• **PROBLEM DETAILS**
When the line with "Deltaco USB-C Kabel" appears below, start repeating lines exactly, and keep going through the line with "Missguided Petite Black"; add nothing outside that span.

• **MATERIAL SUPPLIED**
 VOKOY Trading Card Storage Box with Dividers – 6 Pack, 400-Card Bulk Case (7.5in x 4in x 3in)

...

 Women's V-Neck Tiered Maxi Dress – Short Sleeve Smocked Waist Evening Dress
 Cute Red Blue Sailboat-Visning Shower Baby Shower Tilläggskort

* * *

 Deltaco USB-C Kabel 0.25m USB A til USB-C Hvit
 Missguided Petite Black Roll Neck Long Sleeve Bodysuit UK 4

• **EXERCISE OUTPUT**
 Deltaco USB-C Kabel 0.25m USB A til USB-C Hvit
 Missguided Petite Black Roll Neck Long Sleeve Bodysuit UK 4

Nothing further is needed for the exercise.